Because we don’t have time to reinvent the wheel, duplicate effort, or let institutional overload slow us down — not when the capital is ready, and the opportunity is slipping through our fingers.

So what are the dangerous ideas we need to entertain?

  • Are we ready for a more mature, more sophisticated conversation in WA — not just about the respective roles of public and private capital, but about roles in delivery?
  • Can we resist the temptation to resurrect the “privatisation” bogeyman every time private ownership or delivery is proposed — especially when we’re not talking about existing core public assets, but about new, large-scale industrial infrastructure that industry is ready and willing to deliver?
  • Could we go further — and embed third-party, open-access infrastructure as standard practice, with ownership models that attract private capital and enable shared access — not just for transmission, but for other industrial enablers? Not just in the Pilbara — but across the State.
  • And are we prepared to build political consensus and institutional frameworks that actually enable collaboration — not just within parliament, but between government and industry — where agencies are supported to focus on facilitation and coordination, not ownership?

And where industry plays its part too — by embracing new models, investing in shared systems, and helping to create the space for government to lead in new ways?

These aren’t radical ideas. They’re what the rest of the world is already doing.

WA has the capability.We have the credibility.We have the capital.

What we need now is the courage to evolve.

Let’s take what we’re learning in the Pilbara — and apply it across the State.Let’s stop asking who should own it — and start asking how we get it built. Let’s focus on delivery.

Because that’s how we lead.


A Call to Action: Bold Leadership, Integrated Coordination, and Relentless Focus on Delivery

We began this conversation with the WA Trilemma — the challenge of securing our energy future, protecting our industrial base, and rebuilding our institutional muscle memory. These aren’t just policy goals. They are the foundations of a stronger, more sovereign Western Australia. But none of them can be solved in isolation — and none will be solved with business-as-usual thinking.

To meet this moment, we need a new kind of leadership. Not just in government — across the board. Leadership that’s comfortable with complexity. Prepared to test ideas, not wedded to ideology. Unafraid of reform. And laser-focused on delivery.

We need government that partners with purpose.

Industry that leans into coordination, shared infrastructure, and innovative public policy.

And communities that are brought along — not left behind.

That means doing things differently.

It means embracing partnerships like Greenlink — and replicating that mindset across the State. It means welcoming private capital — where it helps us move faster and scale bigger. It means backing our existing industries to decarbonise — while building the new ones that will define our future.

And yes — it means making space for some dangerous ideas.

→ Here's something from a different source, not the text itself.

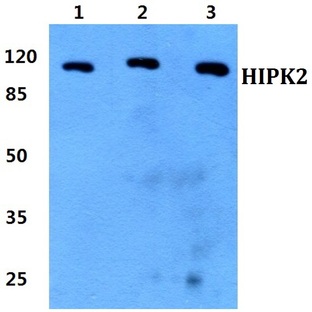 HIPK2 pAb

Some hard questions. But the right ones.

Because if we’re serious about solving the trilemma then we need to act with urgency, discipline, and a little daring.

This is the kind of thinking — and doing — that built the Pilbara in the first place.

It’s what has always set this State apart.

We’ve done it before.

And if we get serious about delivery — about partnerships, investment, and momentum — we can absolutely do it again.

Thanks for listening. And hopefully, for giving me a safe space for a few dangerous ideas.

Jessica Shaw

WA Program Director

Jessica Shaw is a former WA Parliamentarian (2017–2025) and Parliamentary Secretary to the Premier. She holds degrees in law, politics and international relations, a Master of Law from Cambridge, and has studied energy and climate policy at Harvard. She is a Fellow and Honorary Life Member of the Australian Institute of Energy. Jessica is also a Director of Tactica Advisory.